Procreating With Dead
Artists
The role of the art
critic in L.A.: a public discussion
Betty Ann Brown, Peter
Frank & Michael Duncan
Butterfields (an eBay company), formerly Butterfield & Butterfield
This event was organized by the Art Dealers
Association of Southern California, for what purpose it can only be imagined. A
gentleman rises with a microphone and begins: is he Mr. Butterfield or Mr.
Butterfield? Neither; he is an ADASC representative. One by one the critics
identify themselves and explain the critical basis of their work: "all
criticism is subjective," says Betty Ann Brown, "and anyone who
disagrees is ignorant." In this, if in nothing else, L.A.'s art critics
are agreed. An advantageous position: if criticism is not objective, it is what
you or I say it is, let alone art. Clement Greenberg realized that there was
something which was kitsch and something which was something else again, and
this was a major discovery; "quality," however, says Betty Ann Brown, "is a dangerous word," because it keeps
down the socially disadvantaged. Indeed, this self-described
"feminist" critic holds that self-expression itself, the "means
of production," is too narrowly held, and it is her role as a critic to
expand its holdings. If you have read Betty Ann Brown's reviews in ArtScene,
you know her. She talks very much the way she writes.
Now, you or I may say that a critic with no grasp of his trade may well throw
up his hands and say "all is good" with a Druidical blessing, or we
might dismiss the whole business as a somewhat antiquarian vessel of wrath. You
or I have not been asked yet. First all the participants must address, for some
reason, the County Museum's Made In California
show, and this includes the moderator, who is the West Coast man for the
American Art branch of the Smithsonian Institution, a polished individual who
justifies his expertise in these matters by describing his championship of R.B.

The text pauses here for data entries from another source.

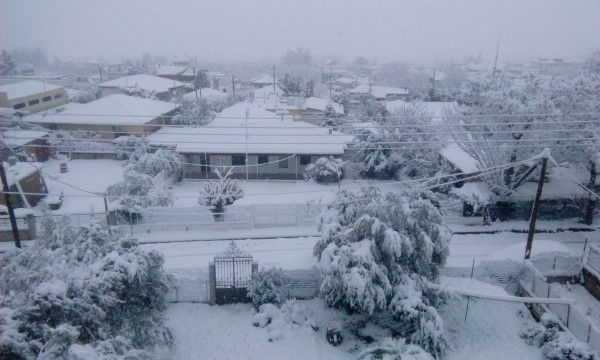Χιονίζει στη Χαλκιδική - Πού χρειάζονται αλυσίδες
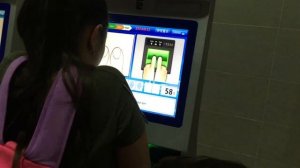 Автомат для снятия отпечатков пальцев в аэропорту в Китае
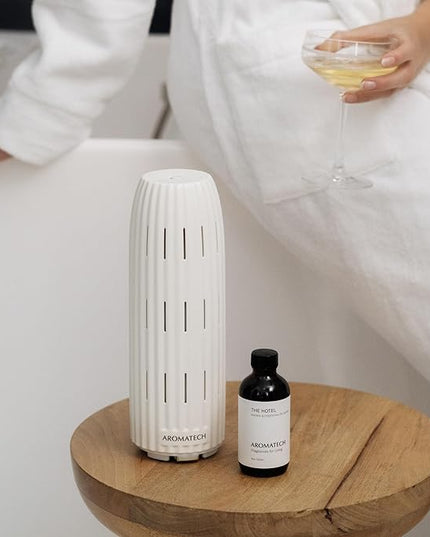 AromaTech The Hotel Aroma Essential Oil Blend: Luxury Hotel Inspired Aromatherapy with Lemon, Lavender, Peach & Pine for Ultrasonic Diffusers & Nebulizers - 16 fl oz, 500 mL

Kitaj, who lives in Westwood. He, the West Coast SI man, has mixed feelings
about Made In California, and so do they all,
at some length. Much work that ought to have been done was not done, points out
Michael Duncan.
Here the question is thrown to the audience. One fellow asks if Peter Frank
meant that "co-creating with dead artists" precluded the work of the
living. Not at all is the reply, but as Betty Ann Brown says, none of them is a
professional journalist; they all have other jobs.